This is a feast worthy of the land of Cockaigne, or the Big Rock Candy Mountain, and the chorus, after launching this word picture of paradise, dances off the scene, euai, hos epi nike, euai, euai, euai, “hurray, to victory, hurray, hurray” (1182–83). They will be victors, are victorious, they have changed the city, they have not surrendered, not gone back on their reforms, and although there was a rough spot when the men resisted the new sexual regulations, the play ends ecstatically with this celebration of a luxurious, new, democratic, communist utopia ruled democratically by its women.

The feasting at the end of comic plays like this one, in part a response to food shortages in times of war and siege, can point outside the frame of the dramatic performance, to the festival that contains it. The Dionysiac celebrations incorporated abundance and plenty, a rejoicing at the opening of the new wine, for example, and these scenes have a metatheatrical dimension. The victory hailed at the end of Women at the Assembly can refer simultaneously to the playwright’s or producer’s victory in the dramatic contest, to the women’s victory over the forces that want to suppress their participation in the city’s life, political and erotic, and to a victory of the play’s radical, communist politics, a response to the needs of the city’s poor.

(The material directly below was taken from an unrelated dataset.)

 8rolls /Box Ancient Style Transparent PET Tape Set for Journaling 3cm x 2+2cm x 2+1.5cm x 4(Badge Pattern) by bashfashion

The misogyny and unconcealed hilarity concerning the sexual regulations of this new regime should not detract from the radical innovation of Praxagora’s proposals. In fact, the reforms set forth in her speeches, and endorsed by the women in the assembly, might be seen to extend what I would call the logic of democracy. That is to say, the implicit telos, the “final cause,” of the idea of rule by the demos, the people, all the people of the polis, all the city’s and the country’s inhabitants, male and female, free and slave, Athenian and not, is rule by all, isonomia, equality under the law, just as the call for parrhesia implicates saying, speaking all. The women prefigure a new extension, a new definition of the demos.

Politics and the Demos

As a counter to what I see as a contemporary, interested attempt to label white supremacy and nativism “populism,” or to replace a fuller democracy with “epistocracy,” rule by the learned, I return to the work of Jacques Rancière, who has written extensively about democracy.40 Rancière’s book Hatred of Democracy, first published in 2006, returns to themes of an earlier book called in translation Disagreement, although the title La mésentente might be better rendered as Misunderstanding, or Dissension. In contrast to Jason Brennan, who is “against democracy,” conceived as the right or privilege of voting, Rancière bases his arguments on the question of equality as revealed through the lottery system of ancient democracy. In Disagreement, he makes a distinction between what he calls “politics” and “the police”: “The police is . . . first an order of bodies that defines the allocation of ways of doing, ways of being, and ways of saying, and sees that those bodies are assigned by name to a particular place and task; it is an order of the visible and the sayable that sees that a particular activity is visible and another is not, that this speech is understood as discourse and another as noise” (29). In contrast to all that is police, Rancière describes politics as “an extremely determined activity antagonistic to policing: whatever breaks with the tangible configuration whereby parties and parts or lack of them are defined by a presupposition that, by definition, has no place in that configuration” (29–30). As an example, Rancière cites Jeanne Deroin, who, as a woman, “in 1849, . . . presents herself as a candidate for a legislative election in which she cannot run. In other words she demonstrates the contradiction between a universal suffrage,” that is, the declaration of the rights of human beings, and the governing, policing system that excludes her gender from that universality. “This is the staging of the very contradiction between police logic and political logic” (41).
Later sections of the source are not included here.